Listening to this gathering of recordings leave one in awe of the conductor’s range and productiveness: yet this set doesn’t touch on the over 20 complete operas he has recorded. Who has recorded more sparkling versions of Rossini’s La Cenerentola or Il Barbiere di Silviglia? Nor does it take notice of his investigations of more contemporary music, including his distinguished recordings of Bartok.

Instead of the definitive Abbado collection, we have a rich gathering of lucid, colorful, detailed recordings, among the most accomplished modern performances of symphonies that are absolutely central to the repertoire, and packaged in an attractive, inexpensive box. In Abbado, who has been the musical director of La Scala, the Vienna Philharmonic, and the principal conductor of the Berlin Philharmonic (replacing Herbert von Karajan), we have (to my ears) the ideal conductor. (Bostonians have heard him conduct the BSO performing Ravel and other composers.) Abbado seems to capture not merely the style but the unique sound and personality of every composer he approaches: he renders with equal skill the terse wit of Haydn, the long-lined (and, to me, long-winded) phrases of Bruckner, the depths of Beethoven, and the sardonic romanticism of Mahler. All are reproduced in beautifully balanced performances filled to the brim with illuminating details.

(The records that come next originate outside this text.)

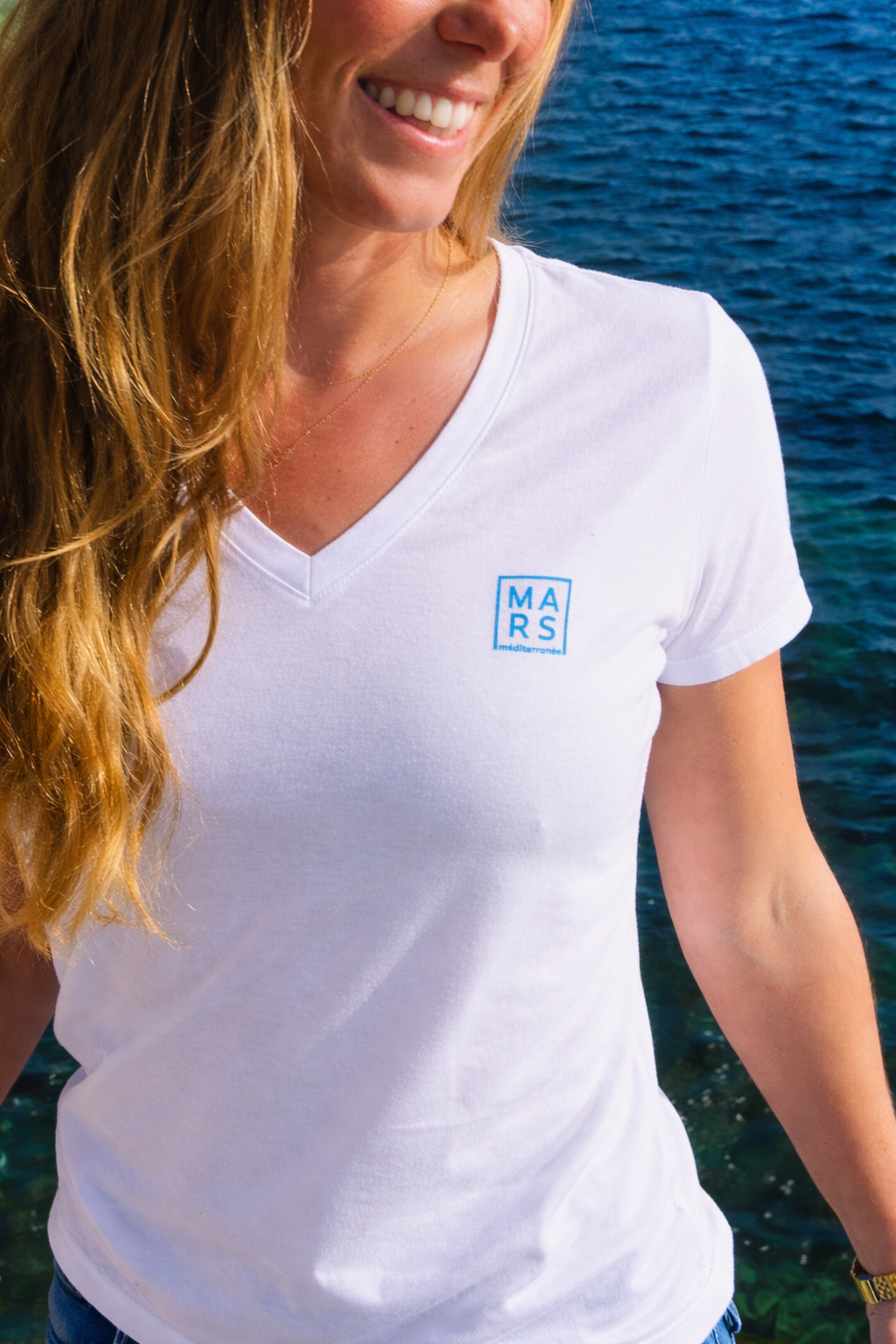Femme portant un t-shirt blanc avec logo MARS méditeranée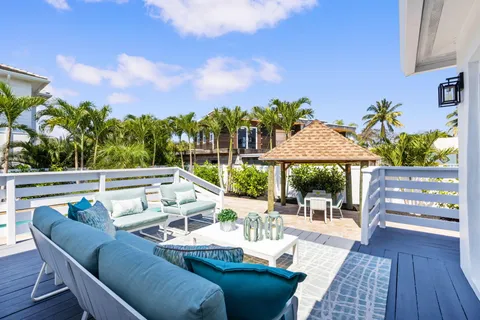 an aerial view of residential houses with outdoor space and street view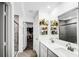 A bright ensuite bathroom featuring double sinks and a glass door shower and a large walk-in closet at 8690 Lester Pl, Pendleton, IN 46064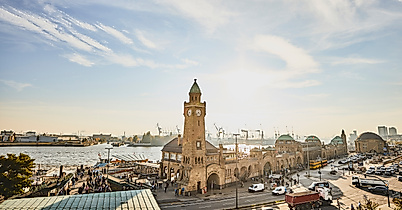 Landungsbrücken mit Uhrturm und Elbe im goldenen Licht der tief stehenden Abendsonne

There are surprises: the brisk pace and impressive precision of the finale of Mozart’s Symphony, the clarity and occasional prominence of the percussion and winds, may remind many of so-called “historically informed” original instrument performances. I imagine some listeners will find the tempo too fast, a reminder that one of Abbado’s early influences was Toscanini. Happily, Abbado heard Toscanini rehearse and was shocked by the way the older man harangued the members of the orchestra. Abbado vowed never to be such a nasty martinet. His own rehearsals are described as consistently calm.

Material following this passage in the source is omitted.